Menteri Koperasi dan UKM Teten Masduki mengungkap arahan Presiden Joko Widodo (Jokowi) dalam rapat terbatas yang membahas social commerce. Jokowi, kata Teten, meminta agar media sosial (medsos) dipisah dengan e-commerce.
"Tadi sudah clear arahan Presiden, social commerce harus dipisah dengan e-commerce dan ini sudah antre, banyak social commerce juga yang mau menjadi punya aplikasi transaksi," kata Teten seusai rapat terbatas bersama Jokowi, di kompleks Istana Kepresidenan, Jakarta, Senin (25/9/2023).
Sebagai informasi, medsos merupakan platform atau perantara yang digunakan untuk sosialisasi antarpenggunanya lewat internet. Sedangkan e-commerce merupakan platform atau media yang digunakan penggunanya untuk transaksi jual beli barang secara elektronik.
Teten mengatakan pemerintah juga akan mengatur arus masuk barang dari luar negeri untuk e-commerce.

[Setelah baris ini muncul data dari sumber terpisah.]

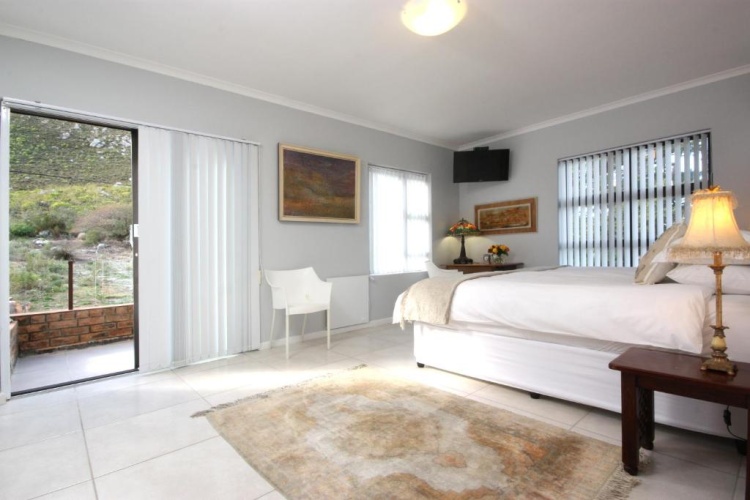 Standard Twin room with mountain view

Teten mengatakan aturan tersebut diambil bukan lantaran produk lokal yang kalah bersaing di e-commerce.
"Kan ada tiga hal yang kita bahas. Pertama bagaimana mengatur platform. Yang kedua bagaimana mengatur arus masuk barang karena bukan soal produk lokal kalah bersaing di online atau di offline tapi di offline dan di online disebut produk dari luar yang sangat murah yang dijual di platform global," tuturnya.
"Dan ketiga kita lagi mengatur perdagangan yang fair antara offline dan online karena di offline diatur demikian ketat, di online masih bebas. Kuncinya di revisi Permendag tadi yang disampaikan oleh Pak Mendag, jadi ada pengaturan mengenai platform," lanjut Teten.

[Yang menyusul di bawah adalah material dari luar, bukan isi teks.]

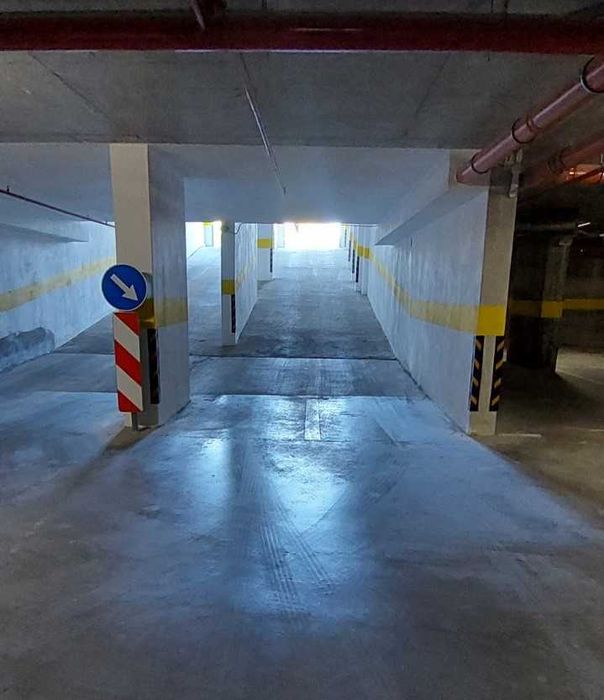 Собственик отдава под наем паркомясто Пловдив, Тракия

Menkominfo Budi Arie Setiadi mengatakan dilarangnya social commerce ditujukan untuk melindungi para pelaku UMKM dalam negeri. Dia mengatakan aturan ini ditujukan untuk mewujudkan fair trade.
"Kita harus mengatur, yang pertama bukan lagi free trade tapi fair trade, perdagangan yang adil. Jadi bagaimana social media ini tidak serta-merta menjadi e-commerce karena apa? Karena ini algoritma nih. Prinsipnya gini negara harus hadir melindungi pelaku UMKM dalam negeri kita yang fair, jangan barang di sana dibanting harga murah kita klenger," ujar Budi Arie.

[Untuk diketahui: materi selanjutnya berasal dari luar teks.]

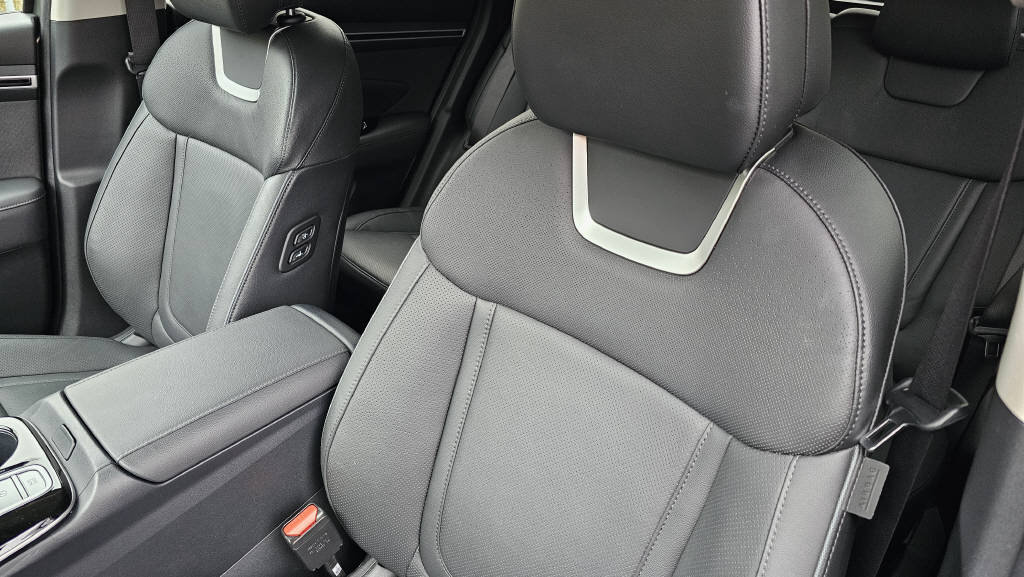 HYUNDAI Tucson 1.6 T-GDi HEV Vertex 4WD, Voll-Hybrid Benzin/Elektro, Occasion / Gebraucht, Automatik - 7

Budi Arie mengatakan dilarangnya social commerce seperti TikTok Shop untuk bertransaksi juga demi menjaga kedaulatan data-data pribadi warga Indonesia. Sebab, social commerce bisa memanfaatkan data-data pribadi penggunanya untuk kepentingan bisnis.
"Nah kedua bahwa kita tidak mau kedaulatan data kita. Data-data kita entar dipakai semena-mena. Entar kalau algoritmanya sudah social media, nanti e-commerce, nanti fintech, nanti pinjaman online dan lain-lain. Ini kan semua semua platform ini akan ekspansi kan berbagai jenis. Nah itu harus kita atur, kita harus tata, supaya jangan ada monopoli monopolistik organik alamiah," tutur Budi Arie.
Hasil dalam ratas ini juga akan dimasukkan dalam Revisi Peraturan Menteri Perdagangan (Permendag) No 50 Tahun 2020 tentang Tentang Ketentuan Perizinan Usaha, Periklanan, Pembinaan, dan Pengawasan Pelaku Usaha Dalam Perdagangan Melalui Sistem Elektronik. Rencananya, revisi Permendag ini akan diteken Mendag Zulkifli Hasan (Zulhas) hari ini.
Hal itu disampaikan Zulhas usai rapat terbatas bersama Presiden Jokowi di Istana Kepresidenan, Jakarta, Senin (25/9). Zulhas mengatakan nantinya social commerce hanya diperbolehkan memfasilitasi promosi barang atau jasa.
"Yang pertama, isinya social commerce itu hanya boleh memfasilitasi promosi barang atau jasa. Promosi barang atau jasa. Tidak boleh transaksi langsung bayar langsung nggak boleh lagi dia hanya boleh untuk promosi seperti TV ya. Di TV kan iklan boleh kan. Tapi nggak bisa jualan. Nggak bisa terima uang kan. Jadi dia semacam platform digital. Jadi tugasnya mempromosikan," kata Zulhas.